An eCommerce growth manager in the UK earns between £55,000 and £90,000 depending on seniority and role scope. Performance and acquisition-focused growth managers at D2C brands earn £55,000 to £72,000 at mid-level and £70,000 to £90,000 at senior level. Full-funnel growth managers owning acquisition through to LTV command the highest salaries in the bracket, particularly in London where top-end senior roles exceed £100,000 in total package.

03Do D2C brands pay more than traditional retailers for eCommerce managers?

Yes, typically 12 to 20 per cent more at mid to senior level. D2C eCommerce manager roles carry broader commercial accountability, higher pace, and greater autonomy than equivalent titles at traditional retailers. Growth-stage and venture-backed D2C brands additionally offer EMI equity and performance bonuses that traditional retailers rarely match, making the total compensation package materially higher even when base salaries are comparable.

04What is the difference between an eCommerce manager and an eCommerce growth manager?

An eCommerce manager typically focuses on day-to-day commercial operations: site trading, merchandising, channel management, and performance reporting. An eCommerce growth manager owns the revenue growth engine across acquisition, conversion, and retention simultaneously, using data modelling and commercial strategy to drive LTV and CAC efficiency. The growth manager role is more senior, broader in scope, and commands a 15 to 25 per cent salary premium over a standard eCommerce manager at equivalent experience levels.

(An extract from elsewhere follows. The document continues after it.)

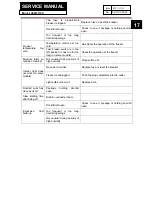 Preview for 17 page of Haier HCM071PA Service Manual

05Should D2C founders use a recruiter for eCommerce manager hiring?

For mid-level and above, particularly for growth manager and senior eCommerce manager roles, a specialist eCommerce recruiter adds significant value over job boards alone. At D2C brands where the wrong eCommerce hire has an immediate and significant commercial impact, the value of a recruiter who can accurately qualify technical skills, commercial track record, and D2C brand fit is particularly high. A specialist like Elite X Recruit focuses exclusively on eCommerce, meaning faster access to the right candidates and accurate D2C salary benchmarking from day one.

06What KPIs should an eCommerce growth manager be measured against?

An eCommerce growth manager should be measured against: online revenue growth (total and by channel); customer acquisition cost (CAC) by channel; return on ad spend (ROAS) across paid channels; customer lifetime value (LTV) and LTV:CAC ratio; repeat purchase rate and retention metrics; and conversion rate from key traffic sources. A performance bonus structure tied to these KPIs aligns the candidate directly with the commercial outcome the D2C brand needs and attracts the most commercially motivated candidates.

07How long does it take to hire an eCommerce growth manager at a D2C brand?

Hiring an eCommerce growth manager at a D2C brand typically takes six to ten weeks from brief to accepted offer, assuming a competitive salary, a clear and compelling brief, and an efficient interview process. Full-funnel growth managers, who are the scarcest profile in the market, can take eight to twelve weeks. Strong candidates at this level will typically have multiple conversations active simultaneously. A slow process or a below-market offer will cost you the hire at the final stage.

08What eCommerce manager skills are most in demand at D2C brands right now?

The most in-demand eCommerce manager skills at UK D2C brands currently are: multi-touch attribution modelling (Northbeam, Triple Whale, or GA4); Meta and Google Performance Max campaign management at scale; Klaviyo lifecycle automation and segmentation; CRO methodology and testing frameworks; LTV modelling and customer cohort analysis; TikTok Shop and social commerce management; and applied AI for creative testing, content personalisation, and campaign optimisation. Candidates combining commercial judgement with deep technical platform knowledge in these areas consistently command the highest eCommerce manager salaries in the UK D2C market.